For N2O (Fig. 2, lower left panel), the differences across models for reported concentration levels are similar for both scenarios, varying between 435 and 480 ppb in 2100 in RCP8.5 and between 344 and 387 ppb in RCP2.6. In general, N2O concentration projections for MAGICC (particularly MAGICC6.3) are relatively low compared to the other SCMs. Unlike the other models, MAGICC includes natural N2O emissions, derived from historical time series of N2O concentration profiles. In the model, atmospheric decay is applied to the complete atmospheric burden of N2O, not merely to the anthropogenic part. With the current calibration, the decay of the natural background concentration is larger than the influx by natural emissions. As such, this could lead to an overestimation of the decay of N2O, in turn resulting in lower atmospheric concentrations. This should be verified in further studies, since unfortunately, there is no information from the expert models available to compare the results to.

As with CH4, all models use a rather similar way to translate N2O concentration into forcing, and therefore both panels (Fig. 2, lower two) show comparable results. The overall spread in forcing outcomes across the models in 2100 is 0.11 W/m2 for both scenarios, much smaller than for methane in RCP8.5 and slightly larger in RCP2.6.

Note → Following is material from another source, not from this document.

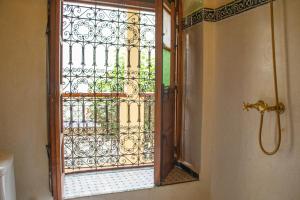 a bathroom with an open door to a shower at Riad Dar Tamlil in Marrakesh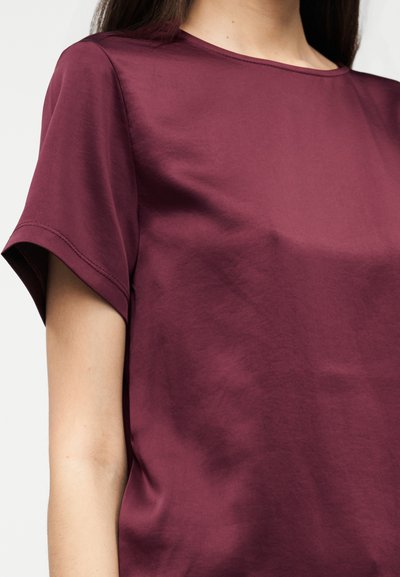 Μπορντό μπλούζα με κοντά μανίκια και στρογγυλή λαιμόκοψη, με λεία υφή και διακριτική λάμψη. Διαθέτει ευθείες, καθαρές ραφές στα μανίκια.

3.3 Representation aerosol radiative forcing

As for other physical and chemical processes, the representation of aerosols is considerably more simplified in SCMs than in the ACCMIP models. In fact, only MAGICC explicitly describes aerosol forcing other than sulphate (BC, OC and nitrate). All models except FUND and DICE make an explicit distinction between direct (scattering and absorbing) and indirect (cloud forming) effects of aerosols. FUND and MERGE (unlike MERGE_ETL) make use of scenario-independent forcing pathways. This means that they do not respond to differences in emission pathways. Although these models use only simplified approximations of aerosol RF, this is the only aerosol related input they use as a basis for further economic analysis. Therefore, it is relevant to compare these RF projections within one aggregate aerosol category.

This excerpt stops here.